### Exercise directions
Each entry below should be output exactly, apart from its images.

### Provided data
_ _ _ _ _
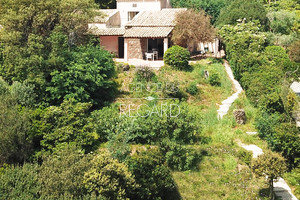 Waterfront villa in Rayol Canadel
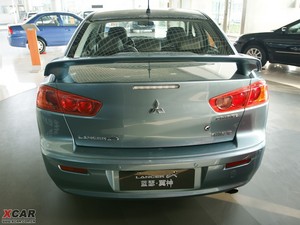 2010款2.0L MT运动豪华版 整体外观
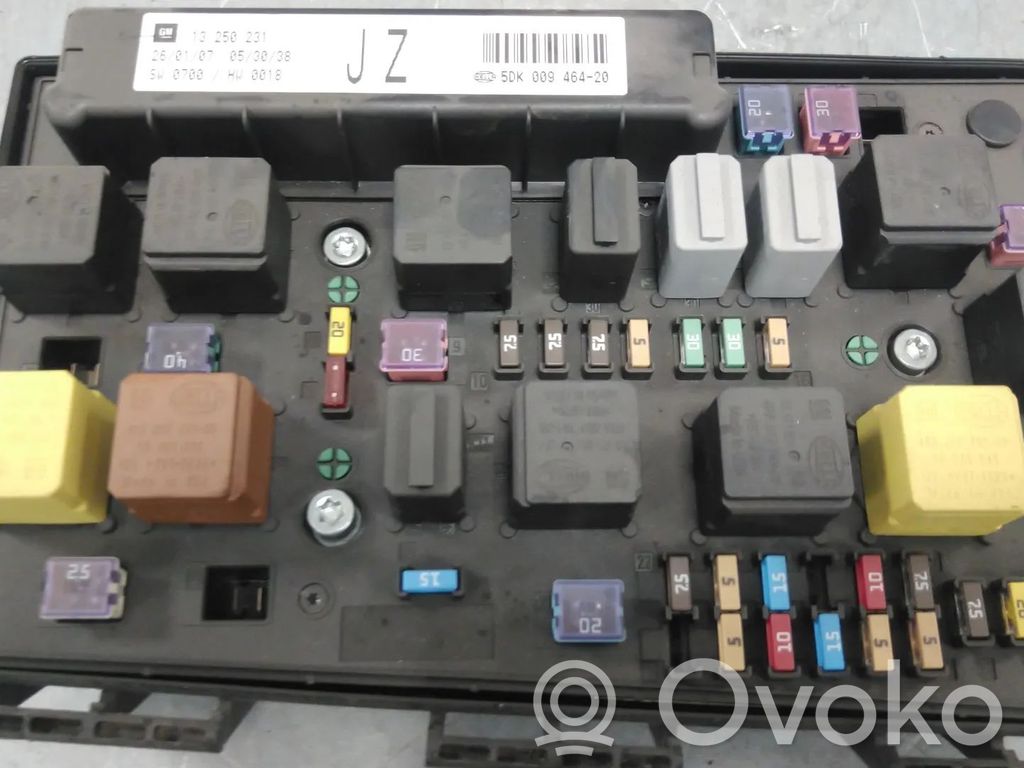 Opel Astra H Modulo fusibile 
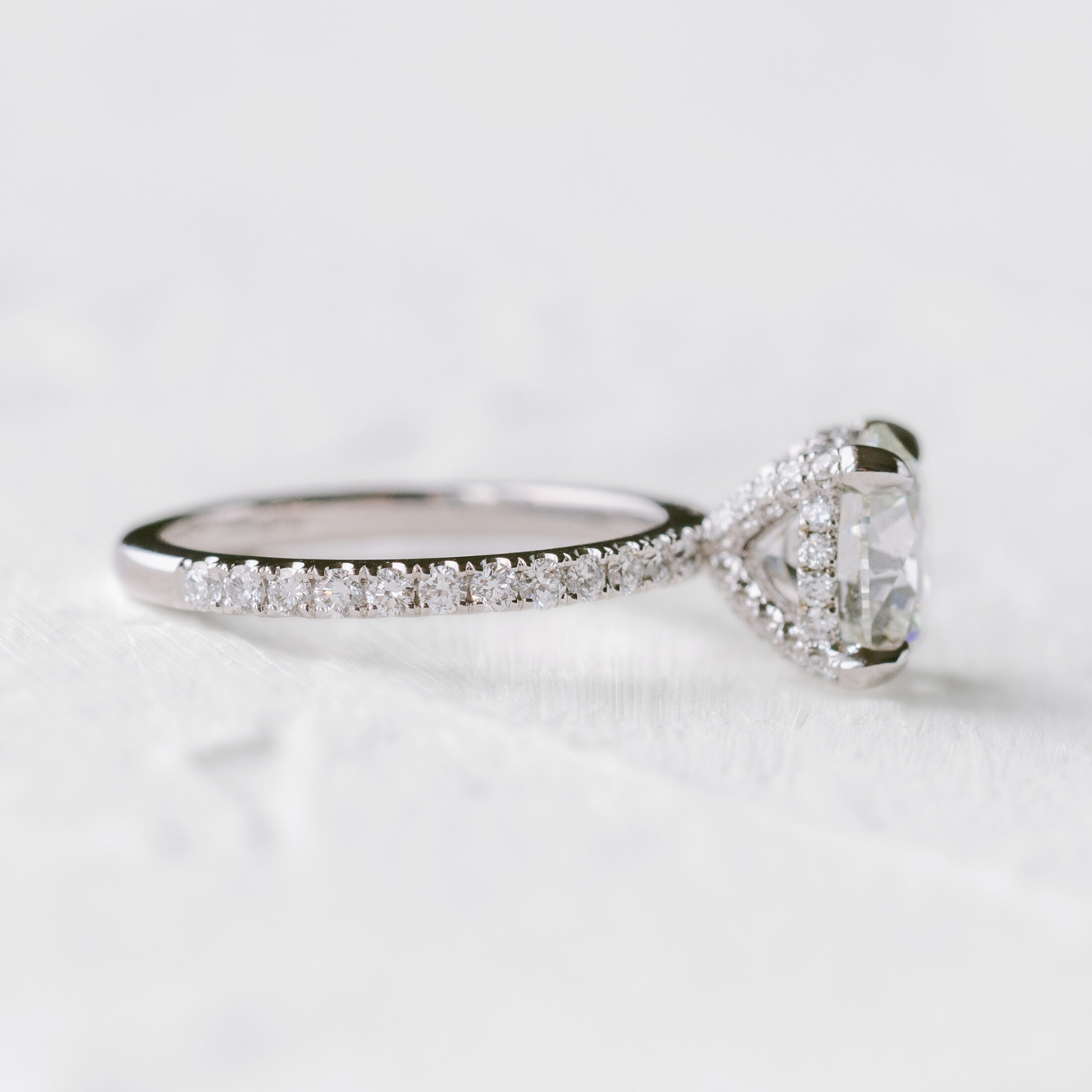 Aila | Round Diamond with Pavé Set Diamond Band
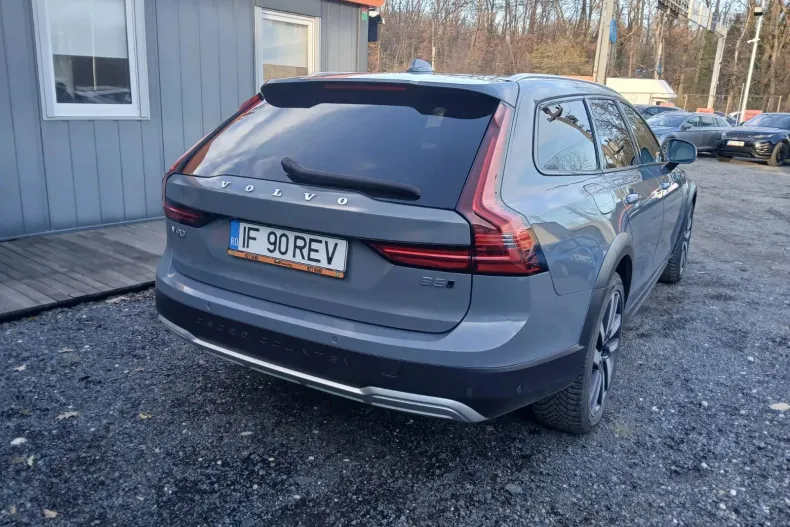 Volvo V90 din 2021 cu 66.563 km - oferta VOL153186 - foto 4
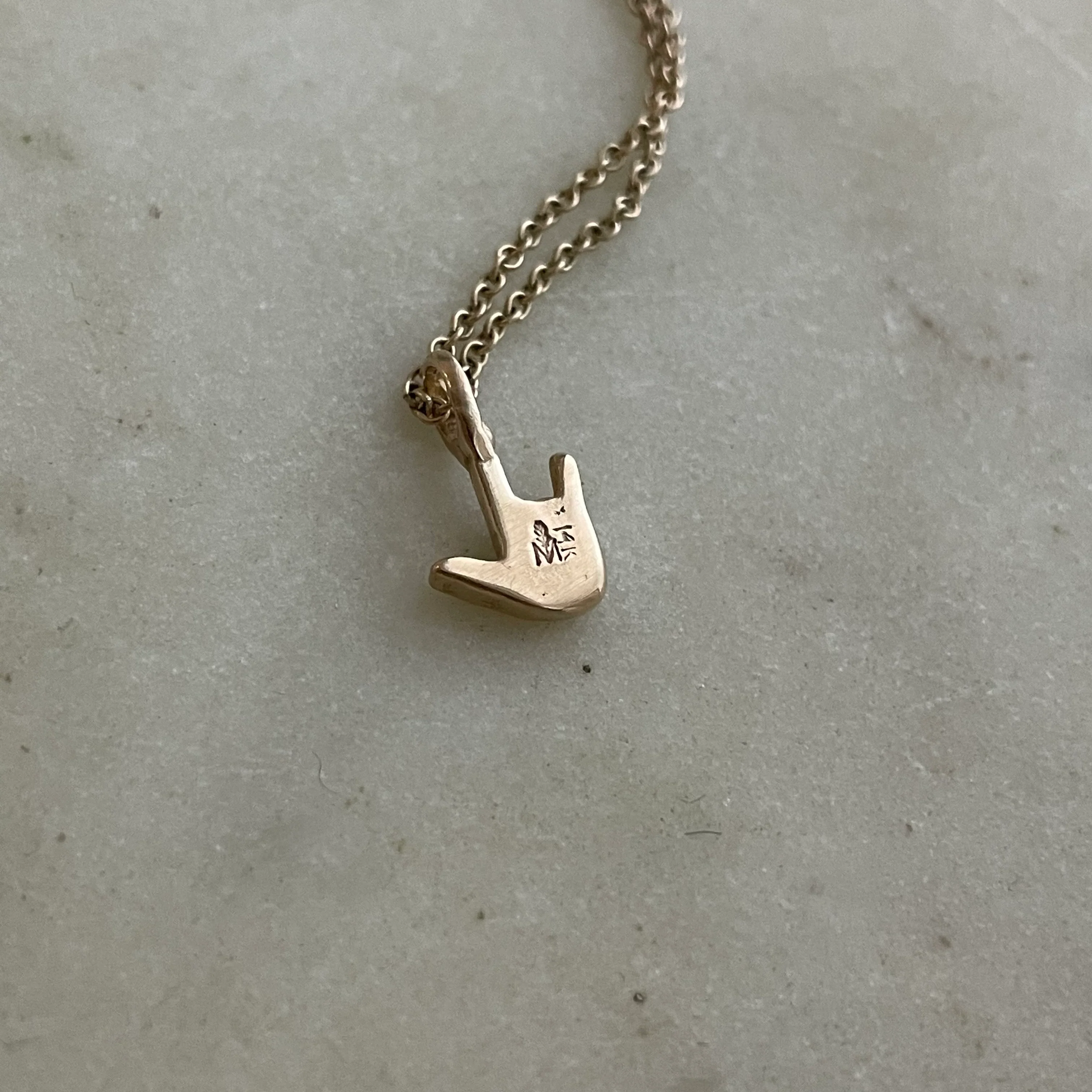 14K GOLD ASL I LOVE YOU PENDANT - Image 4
_ _ _ _ _
### Task result
 Waterfront villa in Rayol Canadel
 2010款2.0L MT运动豪华版 整体外观
 Opel Astra H Modulo fusibile 
 Aila | Round Diamond with Pavé Set Diamond Band
 Volvo V90 din 2021 cu 66.563 km - oferta VOL153186 - foto 4
 14K GOLD ASL I LOVE YOU PENDANT - Image 4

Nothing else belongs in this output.